This article is an implementation of the paper "Expressive Number of Two or More Hidden Layer ReLU Neural Networks".
Consider a neural network with two intermediate layers, the activation function is the ReLU function, the input is n-dimensional, and the output is one-dimensional. When the number of intermediate neurons is a1 and a2 in order from the input side, there are neural network parameters that express those data with 0 error for any a1 * a2 input / output data. Here, "expressing the input / output data with an error of 0" means that when each input data is given to the neural network, a value equal to the corresponding output data is returned. In summary, ** when the training data in machine learning is a1 * a2 or less, there is always a learning convergence destination **. (However, learning does not necessarily converge just because the existence of the convergence destination can be said.) For example, when there are 10,000 output one-dimensional training data, all the data can be expressed with zero error by the ReLU neural network with 100 intermediate neurons and 100 intermediate layers and two layers. This fact does not depend on the input dimension of the data, so it doesn't matter how large the input dimension is. (If the output is not one-dimensional, it will be described later.) Since the proof is in the original paper, I will omit it, but in this article, I will introduce a program that actually displays one set of parameters that is the convergence destination. I will.
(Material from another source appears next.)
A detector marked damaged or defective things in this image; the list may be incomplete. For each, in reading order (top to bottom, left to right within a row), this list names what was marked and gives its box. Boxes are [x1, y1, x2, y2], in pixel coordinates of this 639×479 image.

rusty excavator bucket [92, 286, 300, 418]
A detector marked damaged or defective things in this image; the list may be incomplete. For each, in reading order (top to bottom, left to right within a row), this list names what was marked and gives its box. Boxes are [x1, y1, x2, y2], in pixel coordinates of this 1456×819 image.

First, see the execution example.
This is an example of a ReLU neural network with 5 dimensions for input, 3 and 3 intermediate neurons in order from the input side, and 1 dimension for output, and outputs parameters that represent 3 * 3 = 9 data.
$python3 NNH2.py
( 5 , 3 , 3 , 1 ) ReLU neural network
the number of data = 9
input =
[[93 59 58 20 80 57 35 21 38]
[ 4 91 47 69 98 85 68 2 15]
[14 60 31 86 37 12 23 69 42]
[ 4 14 52 98 72 60 67 51 90]
[27 12 6 32 76 63 49 41 28]]
output =
[ 1 81 17 65 25 33 45 77 10]
parameters
1st layer
W1 =
[[Fraction(823849691, 1) Fraction(4336051, 1) Fraction(28907, 1)
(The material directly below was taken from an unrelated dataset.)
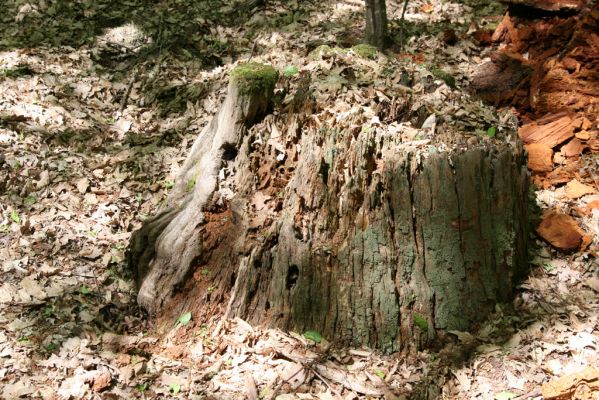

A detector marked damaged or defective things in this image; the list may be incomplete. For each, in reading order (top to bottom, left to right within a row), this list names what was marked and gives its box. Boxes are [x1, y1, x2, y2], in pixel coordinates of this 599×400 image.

broken wood piece [528, 144, 556, 172]
broken wood piece [568, 179, 596, 199]
broken wood piece [536, 209, 584, 250]
broken wood piece [540, 366, 599, 400]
Fraction(149, 1) Fraction(1, 1)]
[Fraction(823849691, 1) Fraction(4336051, 1) Fraction(28907, 1)
Fraction(149, 1) Fraction(1, 1)]
[Fraction(823849691, 1) Fraction(4336051, 1) Fraction(28907, 1)
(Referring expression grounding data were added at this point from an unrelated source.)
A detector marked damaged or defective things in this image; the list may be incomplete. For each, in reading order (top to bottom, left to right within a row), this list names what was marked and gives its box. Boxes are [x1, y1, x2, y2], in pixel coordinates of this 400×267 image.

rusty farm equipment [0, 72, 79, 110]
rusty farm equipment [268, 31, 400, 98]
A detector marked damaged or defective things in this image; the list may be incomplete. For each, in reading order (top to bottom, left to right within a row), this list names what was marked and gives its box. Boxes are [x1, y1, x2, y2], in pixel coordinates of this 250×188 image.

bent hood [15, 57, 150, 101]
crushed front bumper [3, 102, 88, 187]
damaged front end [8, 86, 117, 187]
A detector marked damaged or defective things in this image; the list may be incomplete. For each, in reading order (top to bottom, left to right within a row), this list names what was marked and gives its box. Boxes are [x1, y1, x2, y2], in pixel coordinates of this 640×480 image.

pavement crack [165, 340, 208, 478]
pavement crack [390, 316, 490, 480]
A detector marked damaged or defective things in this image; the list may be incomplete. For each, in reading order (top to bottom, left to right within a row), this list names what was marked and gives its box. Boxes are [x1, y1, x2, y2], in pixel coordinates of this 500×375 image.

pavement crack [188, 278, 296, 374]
Fraction(149, 1) Fraction(1, 1)]]
b1 =
[[Fraction(-16778681974, 1)]
[Fraction(-60502822101, 2)]
[Fraction(-48495714637, 1)]]
2nd layer
W2 =
[[Fraction(148, 1) Fraction(-9237952317912, 35473138591)
Fraction(4049615396998340012232, 18010928872046123981)]
[Fraction(15800556778618364518367199397870934943209115691793, 1077111270972508432064314372084032376028236629)
Fraction(-11216317162890245084133171070123933902029519034081603343913003835232890, 434989745706342223538442515057047029191074444247675999926788518821)
Fraction(2686834406446276617746833568279126654074919365089537293846487174104542, 224870468718735937295513181927691380500164378143178284849730556247)]
[Fraction(843610077776665412761527367413211990104912799146270139270113712675305808525969059554219936165800, 154068217051841137536218687813904006692418581384372306328955832146429671252437697)
Fraction(-57625119985396507975392986118005960657818304694554844951150042194684795633743261029837087833785575305876950, 5262027877233168541064334417747189692030849998640803800770876843784630220816492104662661549)
Fraction(100319159657643248312549073786161213853603634088990731217920689495343417295177190966187025547162361565044553868359914, 11390289225651438251169009216834446835092039706616191741035899343815780751119047453235035761689895223)]]
b2 =
[[Fraction(-99, 1)]
[Fraction(-31282288621675736677206673372946695670689268182842, 4042938352270697695885621047346217759)]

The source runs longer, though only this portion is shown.